47th Annual Convention; Online; 2021
All times listed are Eastern time (GMT-4 at the time of the convention in May).
| Exploring Publication Bias in Behavior Analysis Research
|Saturday, May 29, 2021
|4:00 PM–4:50 PM
|Chair: Matthew Tincani (Temple University)
|CE Instructor: Matthew Tincani, Ph.D.
|Panelists: MARK GALIZIO (University of North Carolina Wilmington), JOEL RINGDAHL (University of Georgia), JASON TRAVERS (Temple University)
Publication bias is the disproportionate representation of studies with certain characteristics, such as strong experimental effect, in the published research literature. Publication bias skews the body of scientific knowledge by overrepresenting studies with specific methodologies, analytic techniques, and data, which distorts the scientific literature and, ultimately, foments public distrust in science. Scholars in psychology and education have documented the presence of publication bias within these broad bodies of research. However, to date, behavior analysts have focused little attention on the possibility of publication bias in basic and applied behavior analysis research. Participants in this panel will reflect on their experiences as researchers, journal editors, and manuscript reviewers regarding issues of publication bias in behavior analysis. Their discussion will explore whether publication bias is a problem in behavior analysis research; how publication bias might manifest uniquely in our work; the potential impact of publication bias on the corpus of scientific knowledge in basic behavior analysis, applied behavior analysis, and on consumers of behavior analytic interventions; and potential strategies for reducing publication bias.
|Instruction Level: Intermediate
Board certified behavior analysts; licensed psychologists; graduate students.

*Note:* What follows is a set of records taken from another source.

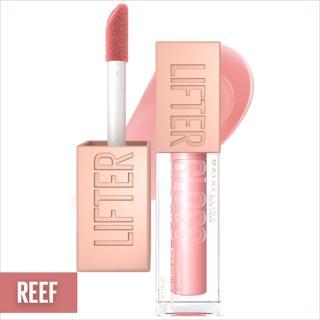 Maybelline New York Lifter Gloss Nemlendirici Dudak Parlatıcısı - 006 Reef
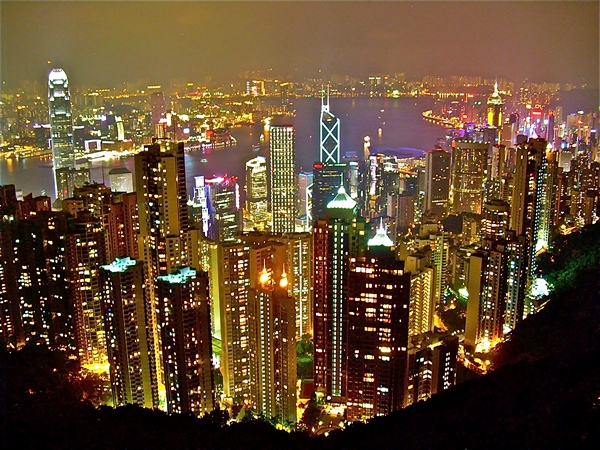 10.Hong Kong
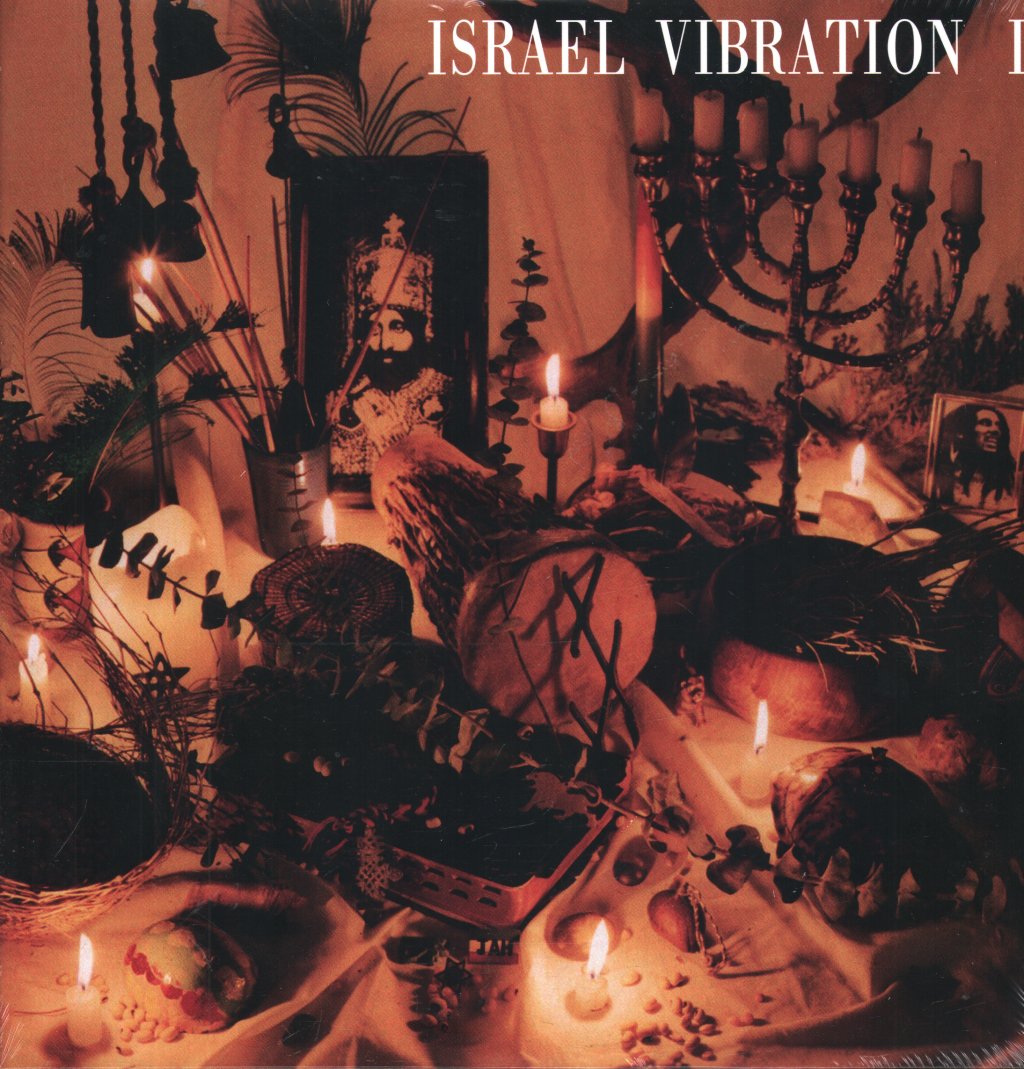 Israel Vibration - IV - Lp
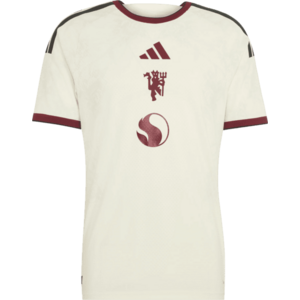 Manchester United Authentic 3rd 2026/27 kép
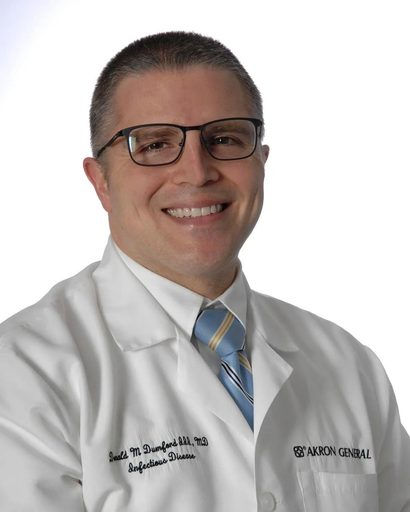 Donald Dumford III, MD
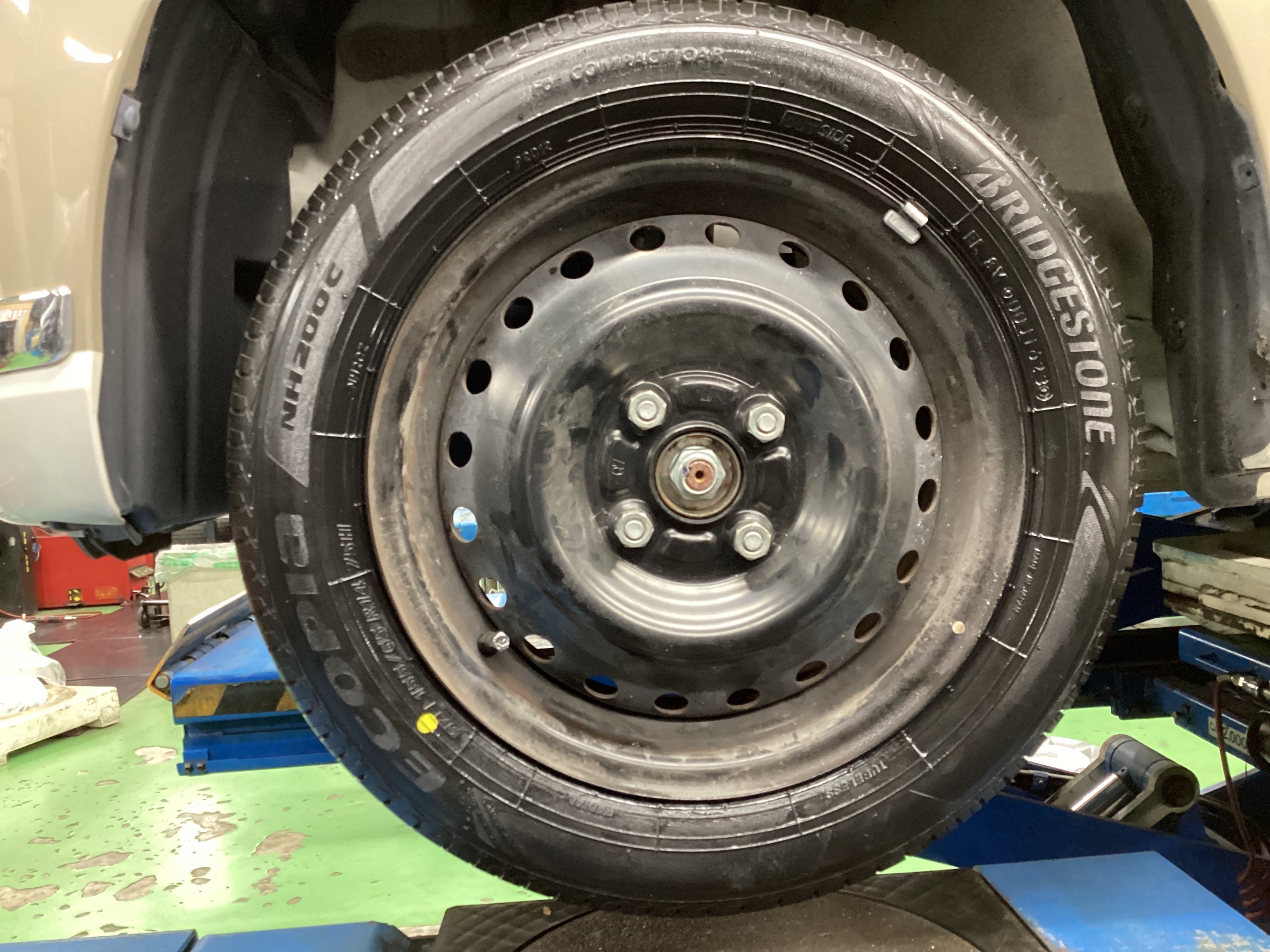 スタッフ撮影分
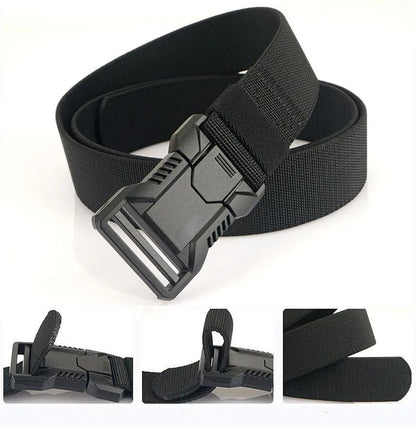 Ceinture Tactique en Nylon – Légèreté et Performance - Nation Army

|Learning Objectives: At the conclusion of the presentation, participants will be able to: (1) state the definition of publication bias and describe examples of publication bias within scientific research; (2) describe how publication bias could manifest in basic and applied behavior analytic research; (3) discuss possible ways of reducing publication bias in basic and applied behavior analysis research.
|MARK GALIZIO (University of North Carolina Wilmington)
Dr. Galizio received his BA from Kent State University and his PhD from the University of Wisconsin- Milwaukee where he worked with Dr. Alan Baron. In 1976, he joined the faculty at the University of North Carolina Wilmington where he is currently Professor of Psychology. His research interests include behavioral pharmacology, stimulus control/concept learning, aversive control, and human operant behavior. He has published two books, more than 100 articles and his research has been supported by NIDA, NSF and NICHD. He is a Fellow of ABAI and four APA divisions and is a past-president of APA Division 25 (Behavior Analysis) and of the Southeastern Association for Behavior Analysis and served as an At-Large member of the ABAI Executive Council. He has served on numerous NIH study sections and chaired two of them. He is currently Editor-in-Chief of the Journal of the Experimental Analysis of Behavior.
|JOEL RINGDAHL (University of Georgia)
|Joel Ringdahl is an associate professor in the department of communication sciences and special education at the University of Georgia. His research interests include functional analysis and treatment of severe behavior problems, stimulus preference assessments, functional communication training and translational research in the areas of behavioral momentum theory and behavioral economics. He is the editor of Behavior Analysis: Research and Practice.
|JASON TRAVERS (Temple University)
|Jason Travers, Ph.D., BCBA-D, is an associate professor in the college of education and human development at Temple University. He serves on the editorial board of several journals, including Journal of Special Education Technology, TEACHING Exceptional Children, and Journal of Disability Policy Studies.